This story was written by Zuora CEO and Founder Tien Tzuo for VentureBeat.
This week investors held a collective freakout over the fact that Walmart’s online sales grew at just 23 percent over the fourth quarter of 2017, down from 50 percent the previous quarter. They tanked Walmart’s stock by 10 percent, its biggest one-day decline in several decades.
While I also happen to be bearish on Walmart, I think its investors are missing the bigger picture here. E-commerce accounts for less than four percent of Walmart’s business. This is a company with much bigger problems.
Unlike the rest of Wall Street, I do not agree that Walmart’s problems begin and end with Amazon. The Walmart-versus-Amazon battle is typically framed as a clash between an ascendant e-commerce business and a dying retail industry, but that’s nonsense.
Selling products to strangers doesn’t cut it anymore. To succeed in retail today you need to start with the customer, not the product. You need to flip the script. Let me explain.
Nearly every American spent money at a Walmart last year. The vast majority of us live within 20 minutes of a Walmart store. The company has almost 5,000 retail locations, over two million employees, and over 140 million customers.
But let me ask you a simple question: What was the last thing you bought at Walmart?
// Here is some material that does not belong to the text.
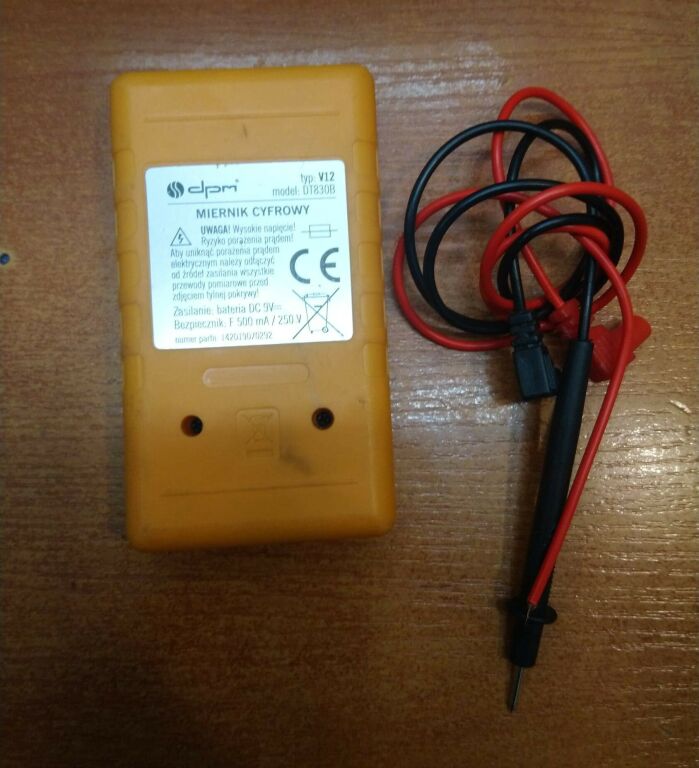 MIERNIK CYFROWY DPM V12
Walmart certainly can’t tell you. Got any receipts handy? Once you walk past the cash register at Walmart, you’re gone.
Walmart is still essentially a product company. It has decades of institutional experience with supply chains, transport logistics, and inventory management. It knows how to buy and sell products. That worked fine for a long time. It doesn’t anymore.
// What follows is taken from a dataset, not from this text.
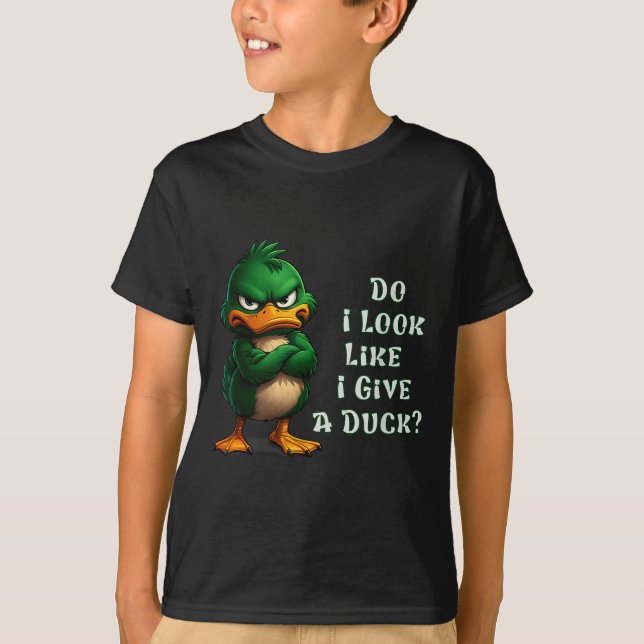 Camiseta Do I-look Like I Give A Duck Funny Sarcastic-duck  (Frente)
In the old product model. You built a product, put it into as many channels as possible, and hoped there were customers waiting at the end of those channels. In the new service-based model. You start with the customer, understand their wants and needs, and then wrap your service around that customer via relevant channels. No more pushing units to strangers.
Now let me ask you another question: What was the first thing you bought on Amazon? It’s sitting right there in your order history. Go ahead, open up a new browser tab and look it up. I bought “The Seven Habits of Highly Effective People” and “Inside the Tornado: Marketing Strategies from Silicon Valley’s Cutting Edge” on January 11, 1997.
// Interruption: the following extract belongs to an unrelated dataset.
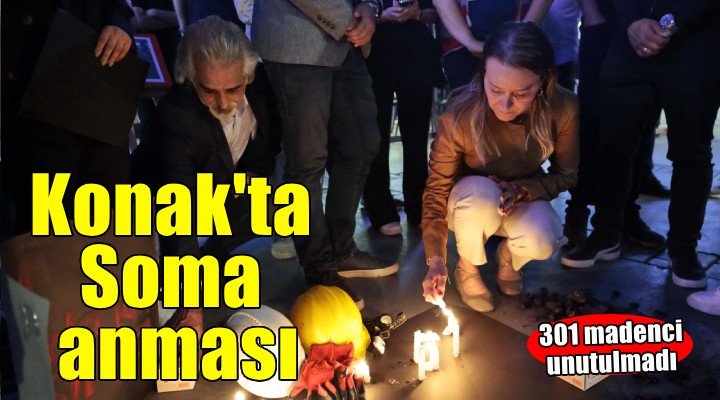 301 madenci Konak'ta anıldı...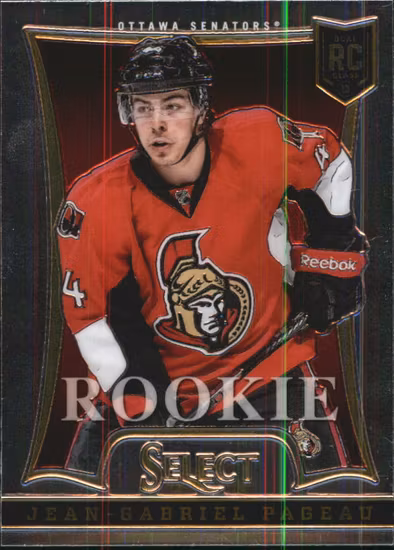2013-14 Select #196 Jean-Gabriel Pageau RC (12-393x1-SENATORS) (2)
Amazon is beating Walmart because it knows its customers. That’s the reason. Plain and simple. So does this mean e-commerce is bound for glory, and retail is doomed to failure? Will it be all retail apocalypse and zombie malls from here on out? Of course not.
Right now, there are at least a dozen new companies in the midst of opening hundreds of new retail stores. And why are they doing this? Because the stores they currently have are making money hand over fist.
You’ve probably heard some of the names: Allbirds, Casper, Birchbox, Boll & Branch. According to real-estate data company CoStar Group, these online-first stores have increased their retail space tenfold over the last five years. Warby Parker is averaging $3,000 per square foot of retail space, which is almost as good as Tiffany’s (!).
Why is this happening? Well, one reason is that it’s really hard to operate as a standalone e-commerce vendor. Almost two thirds of all online sales are owned by just 15 giant e-commerce marketplaces. RetailNext CEO Alexei Agratchev recently told me:
“As an ecommerce vendor, you have really high variable costs around shipping and returns. On the other hand, Amazon is an amazing logistical machine, and they’re not even running at a profit most of the time. … And the other question is, how do you really differentiate yourself online? Anything you do on your website, a competitor can steal pretty easily. But you can actually create really cool experiences in stores.”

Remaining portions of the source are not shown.